In the records below, repeat exactly the lines between the line holding "2012 Toyota Prius" and the line holding "Apartamento com 2", inclusive, and drop the pictures.

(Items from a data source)
▬▬▬

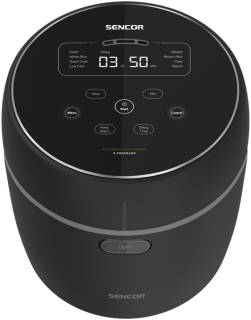 Пароварка Sencor SRM0671BK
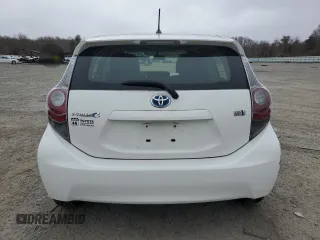 2012 Toyota Prius c One with VIN JTDKDTB30C1521241, listed as a Copart auction lot 50171435 with 182,123 mi miles and Clean Title. Bid and sale history available at carsss.com. Image 6.
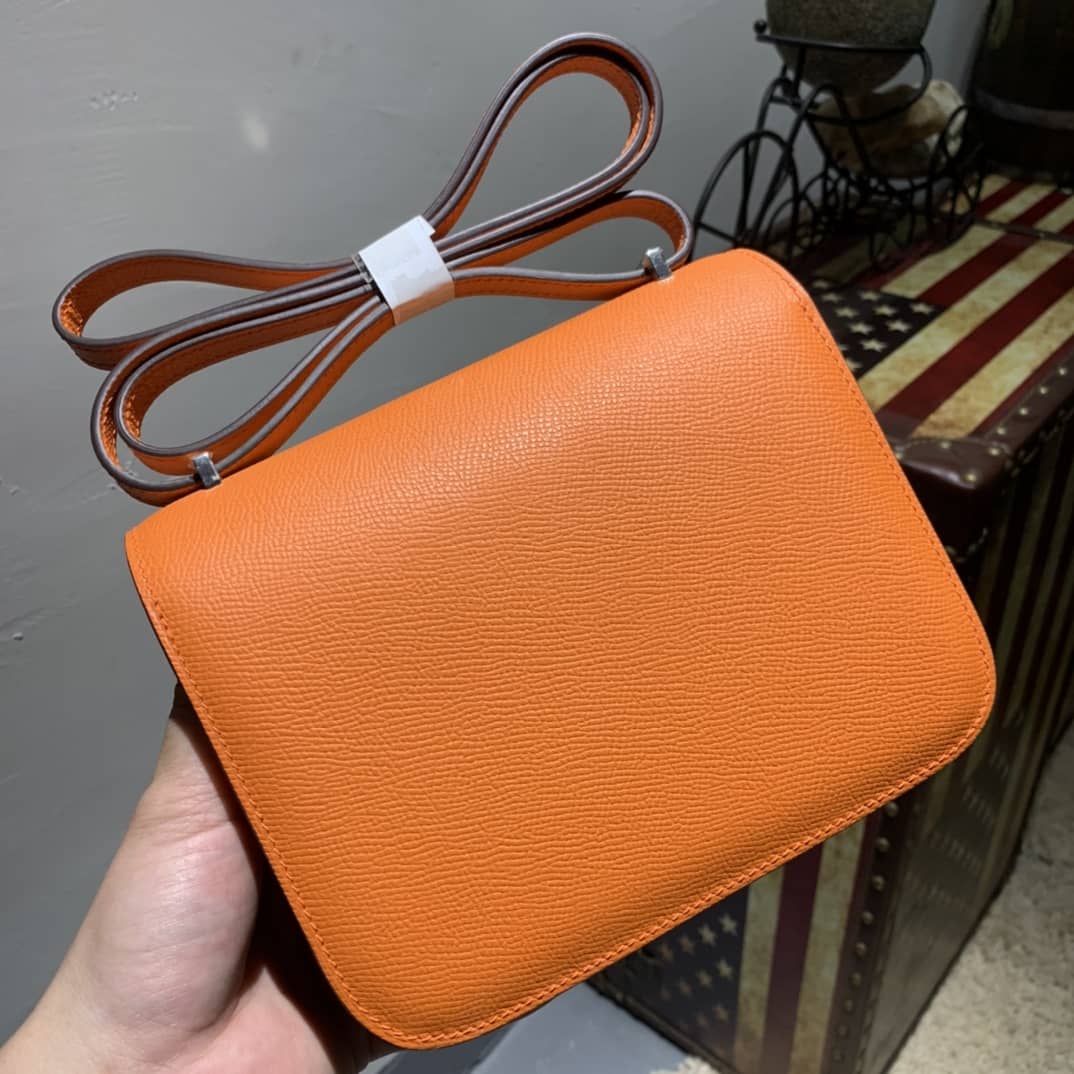 Hermes Replica Constance Bag 18CM Epsom Leather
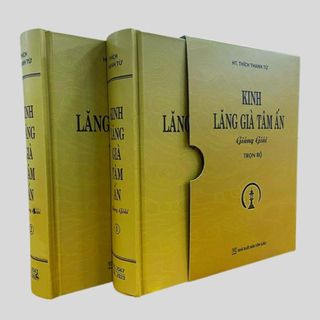Sách - kinh lăng già tâm ấn giảng giải - trọn bộ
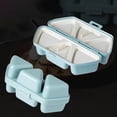 thumbnail image 4 of Lubelski Rice Ball Mold Easy Demoulding Triangle Sushi Mold Reusable Food-grade Triangle Onigiris Mould for Home, 4 of 7
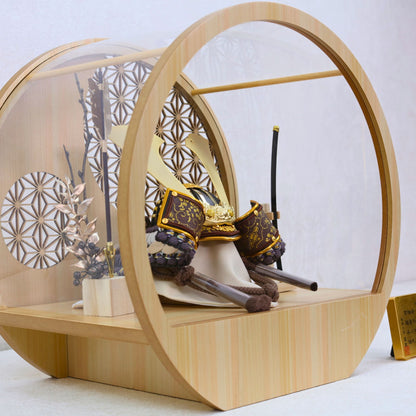 鷹　taka　｜26祈兜　アクリルケース飾り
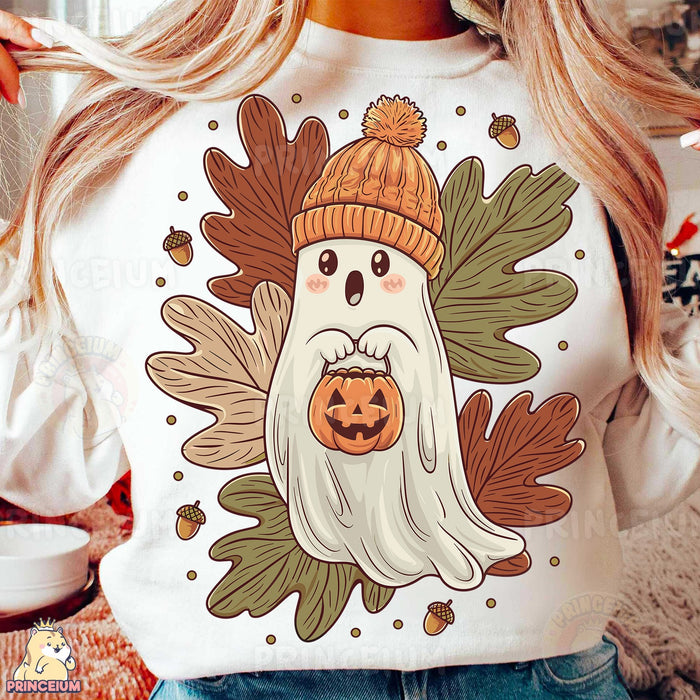 Cozy Fall Ghost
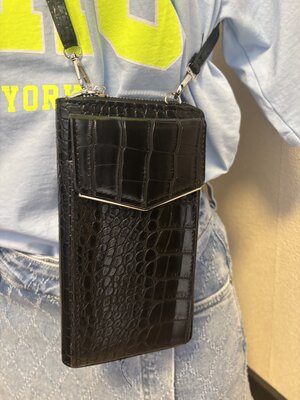 Tas/zwart mobiel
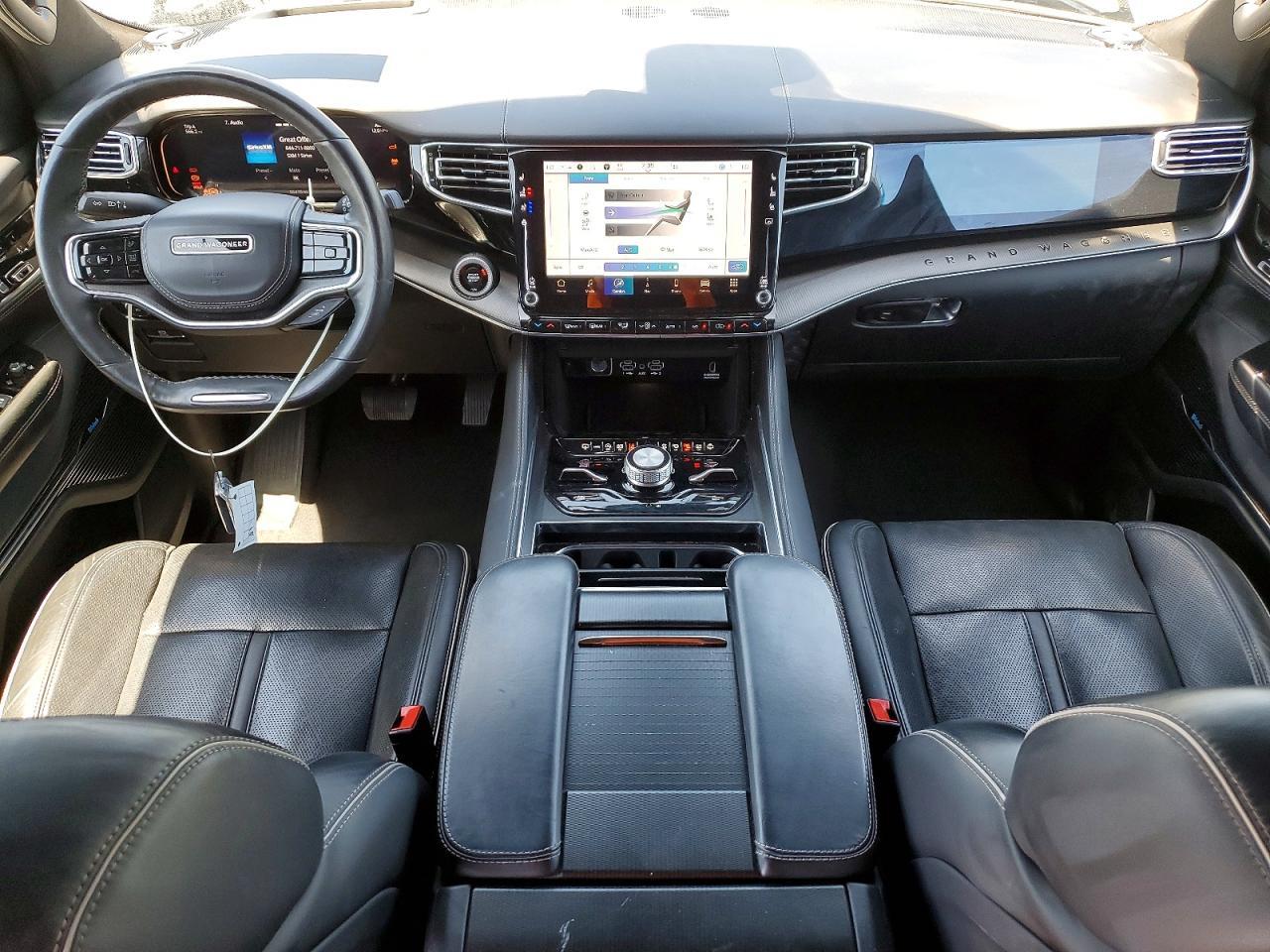 2024 Jeep Grand Wagoneer L Series Ii - zdjęcie 8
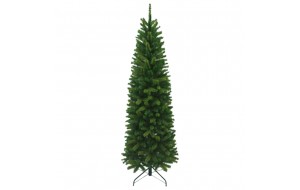 EchoSupreme slim χριστουγεννιάτικο δέντρο πράσινο PVC 210 εκ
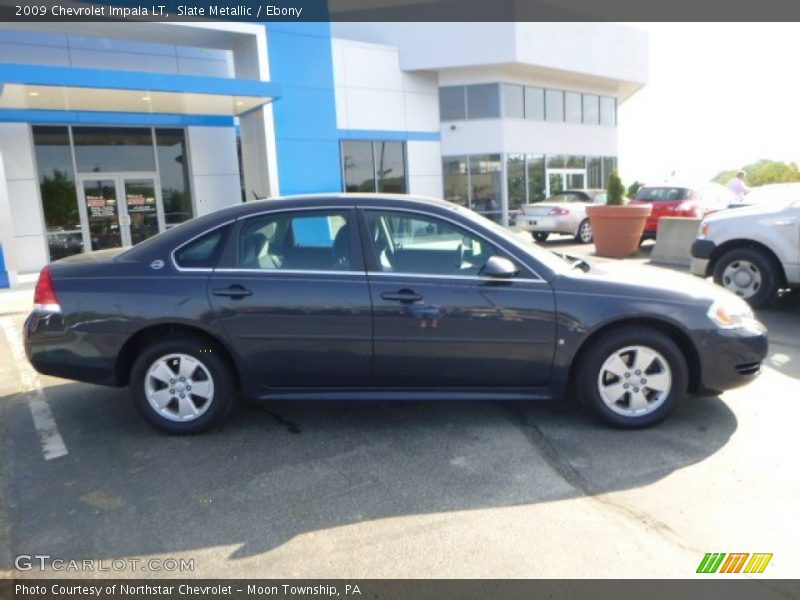 Slate Metallic / Ebony 2009 Chevrolet Impala LT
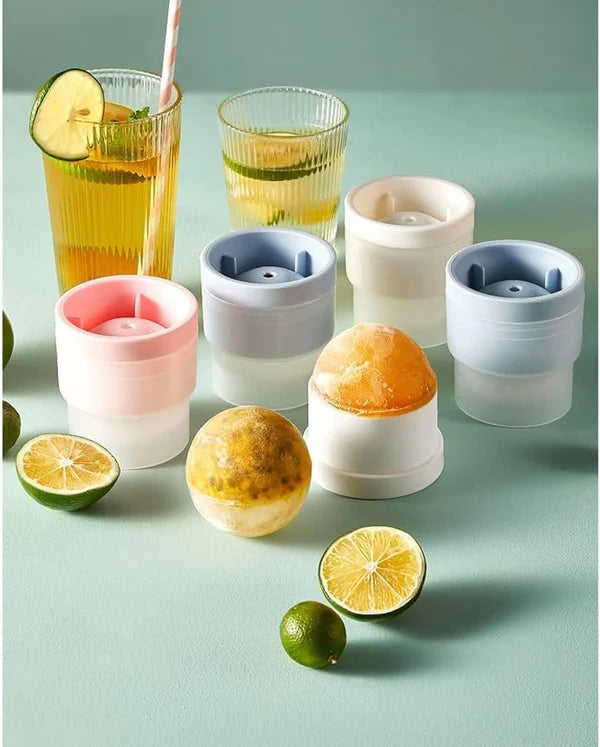 Premium Ice Ball maker (Pack of 5)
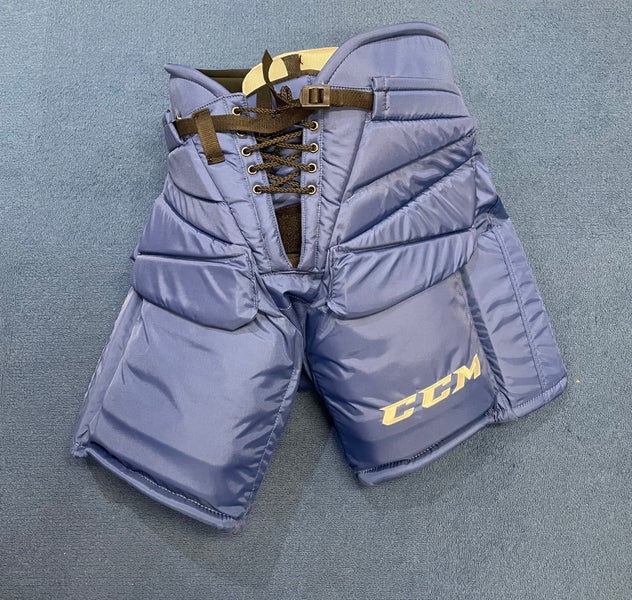 CCM HPG12A Medium Royal Pro Stock Goalie Pant
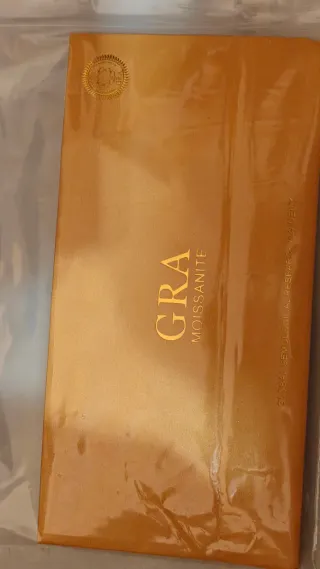 Piedra Moissanita Blanca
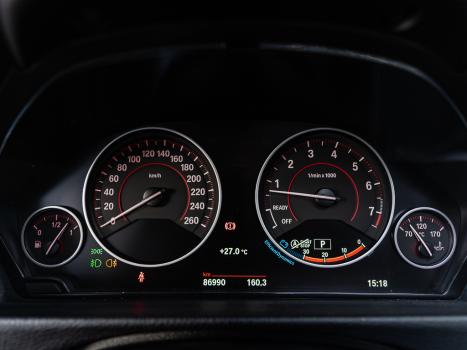 BMW 320I 2.0 16V 4P SPORT TURBO ACTIVE FLEX AUTOMTICO, Foto 15
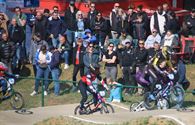 Veel toeschouwers en veel sfeer op eerste dag BMX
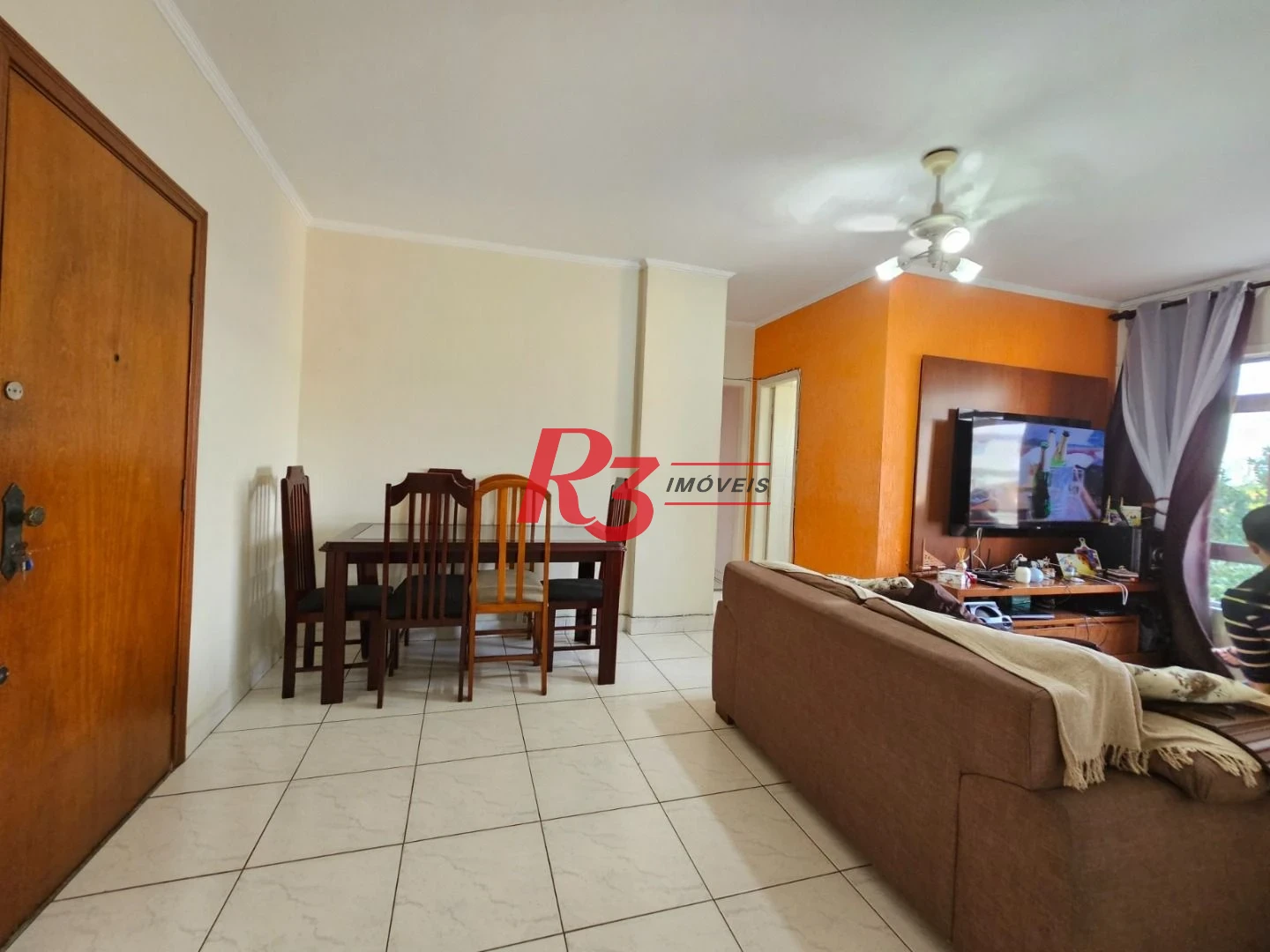 Apartamento com 2 dormitórios à venda, 94 m² por R$ 532.000,00 - Marapé - Santos/SP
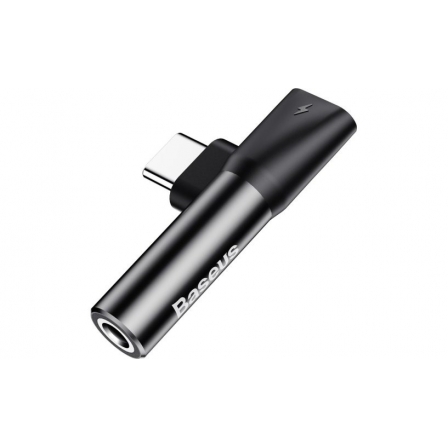 Адаптер Baseus L41 Type-C Male to 3.5mm+Type-C Female (CATL41-01)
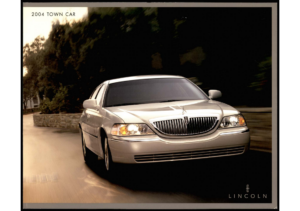 2004 Lincoln Town Car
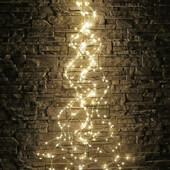 Гірлянда кінський хвіст 2 м 10 ниточок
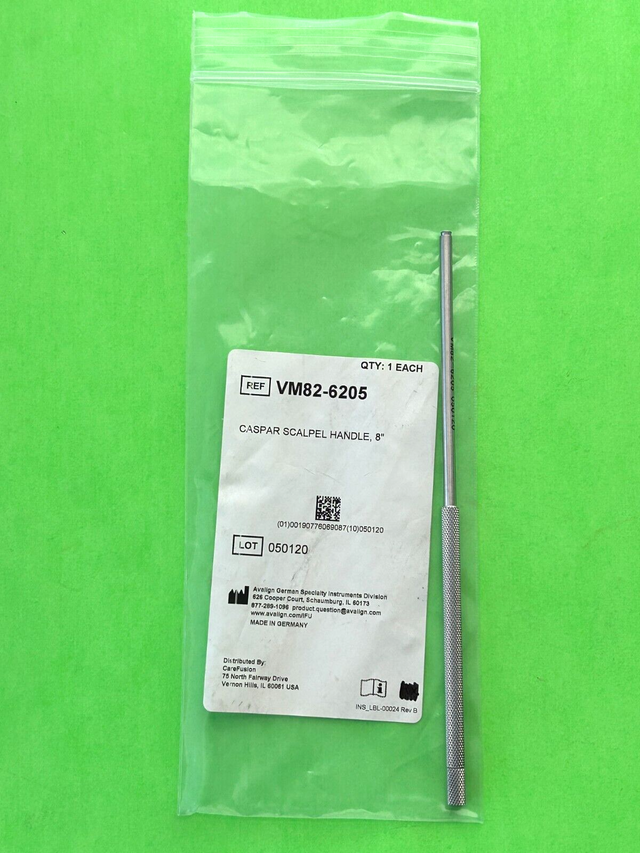 V.Mueller Surgical 8" Caspar Scalpel Handle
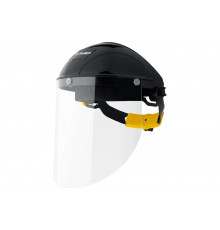 Защитный лицевой щиток ЗУБР Сектор удлинённый экран, 220x315 мм 11085_z01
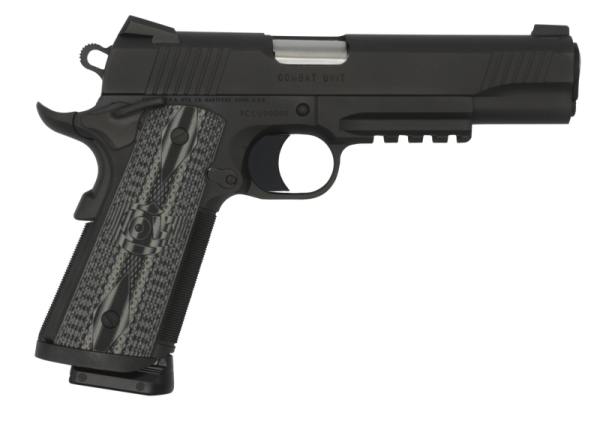 Colt Firearms 1911 Government Combat Unit 9mm 5" Barrel 9-Rounds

▬▬▬

- **Solution for this problem**
 2012 Toyota Prius c One with VIN JTDKDTB30C1521241, listed as a Copart auction lot 50171435 with 182,123 mi miles and Clean Title. Bid and sale history available at carsss.com. Image 6.
 Hermes Replica Constance Bag 18CM Epsom Leather
Sách - kinh lăng già tâm ấn giảng giải - trọn bộ
 thumbnail image 4 of Lubelski Rice Ball Mold Easy Demoulding Triangle Sushi Mold Reusable Food-grade Triangle Onigiris Mould for Home, 4 of 7
 鷹　taka　｜26祈兜　アクリルケース飾り
 Cozy Fall Ghost
 Tas/zwart mobiel
 2024 Jeep Grand Wagoneer L Series Ii - zdjęcie 8
 EchoSupreme slim χριστουγεννιάτικο δέντρο πράσινο PVC 210 εκ
 Slate Metallic / Ebony 2009 Chevrolet Impala LT
 Premium Ice Ball maker (Pack of 5)
 CCM HPG12A Medium Royal Pro Stock Goalie Pant
 Piedra Moissanita Blanca
 BMW 320I 2.0 16V 4P SPORT TURBO ACTIVE FLEX AUTOMTICO, Foto 15
 Veel toeschouwers en veel sfeer op eerste dag BMX
 Apartamento com 2 dormitórios à venda, 94 m² por R$ 532.000,00 - Marapé - Santos/SP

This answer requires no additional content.